Having trained at the Charles H Cecil Studios in Florence, accomplished portrait artist Clare Granger has chosen to focus on elements of line, colour and form. Following her recent travels in the Far East, she has successfully combined landscape painting with figurative narration in order to give greater meaning to her pictures: figures paddle a canoe down-river, a goat herder tends to his flock and tea pickers bathed in dappled sunlight gather in the field wearing conical coolie hats. Clare's aesthetic oil paintings are deservedly popular and touch upon the everyday joy of life when travelling in the East.
Two in a Canoe, oil on canvas, 100 x 80 cms
In the run-up to Clare's second solo show with Cricket Fine Art, we found the time to ask her some questions:
We’ve heard that you first began painting as an undergraduate at Cambridge - can you tell us a bit more about this time?
I think that I started well before that really as my mother was a painter and so I grew up following her, modelling at her art classes and having a go with her paints. It was at Cambridge that I first sold my works as I found myself selling drawings to passers by.

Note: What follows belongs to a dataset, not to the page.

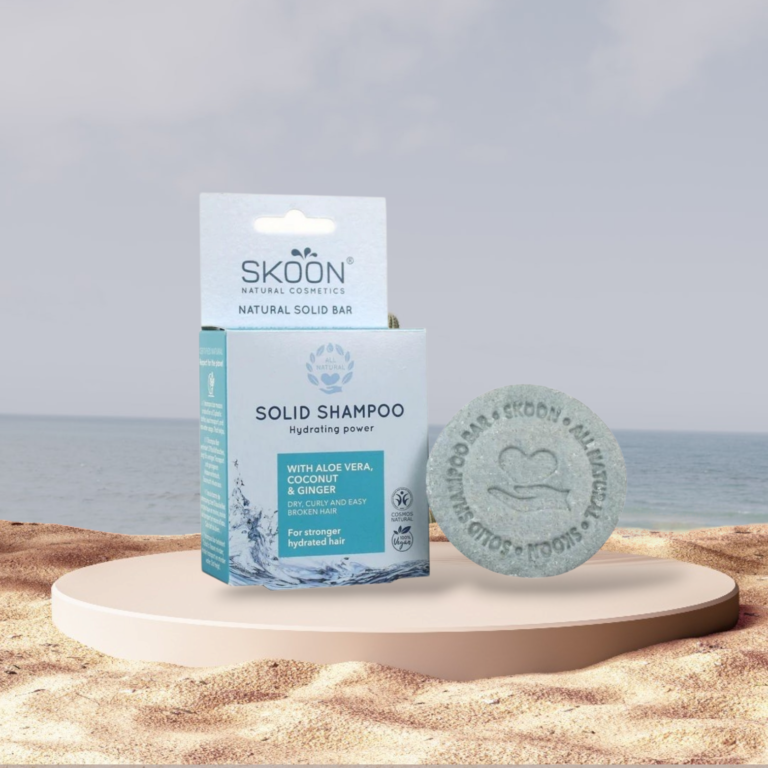 Pureday En Skoon solid shampoobar Hydraterende kraft og dens emballage vises på en rund sten mod en rolig strandbaggrund. Emballagen fremhæver naturlige ingredienser som aloe vera og ingefær, hvilket fremmer dens økologiske appel.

Your love of the Far East was beautifully illustrated in your first solo show with Cricket Fine Art (Glimpses of India, 2017). What is it that draws you to the region?
I am totally entranced by the atmosphere of those Eastern countries which is so very different from home. I have a huge fascination for seeing how people live their lives in different parts of the world. The colours, heat and light of the region have captivated me. From the people who live their lives on water to those who live with elephants - I am equally inspired to try to capture some essence of the impression they make on me.
Can you tell us a little bit more about your painting process - with quite a lot of travel involved, do you find that you work mainly from sketchbooks?
I am always excited to find a sketchbook for my trip from the country I am visiting. I was so lucky in Delhi to find, on my first afternoon, a gorgeous camel leather-bound book with handmade paper. The paper even has little flowers and stalks in the weave, although it was a little like painting on kitchen roll. I am not always this lucky and my sketchbook from Burma is a child’s pad which I have covered in bamboo. My sketchbooks become my most treasured possession and the very best reminder of my stay in the country.
Do you have any particular rituals or routines before, during or after a day of painting?
I do have a routine which involves porridge for breakfast and then a morning in the studio with Griffin the dog. She and I then go for a long walk at lunchtime. She is very quick to pick up on signs that the painting session is over and becomes quite restless if I hesitate and decide to do a few more brushstrokes. We return to the studio after lunch until the mammoth brush washing performance at about 5pm. I am quite a creature of habit so most working days go like this.
Is there a colour that you can’t live without?
That is very difficult as things do ebb and flow but I am very fond of raw umber.
On his peregrinations as an artist, Howard Hodgkin amassed a famous collection of Indian paintings; is there anything that you’ve collected on your travels?
For some reason I am very keen on the look of washing hanging on washing lines. I have amassed over many years a large collection of images of washing from all over the place. I am not sure what, if anything, I shall ever do with it!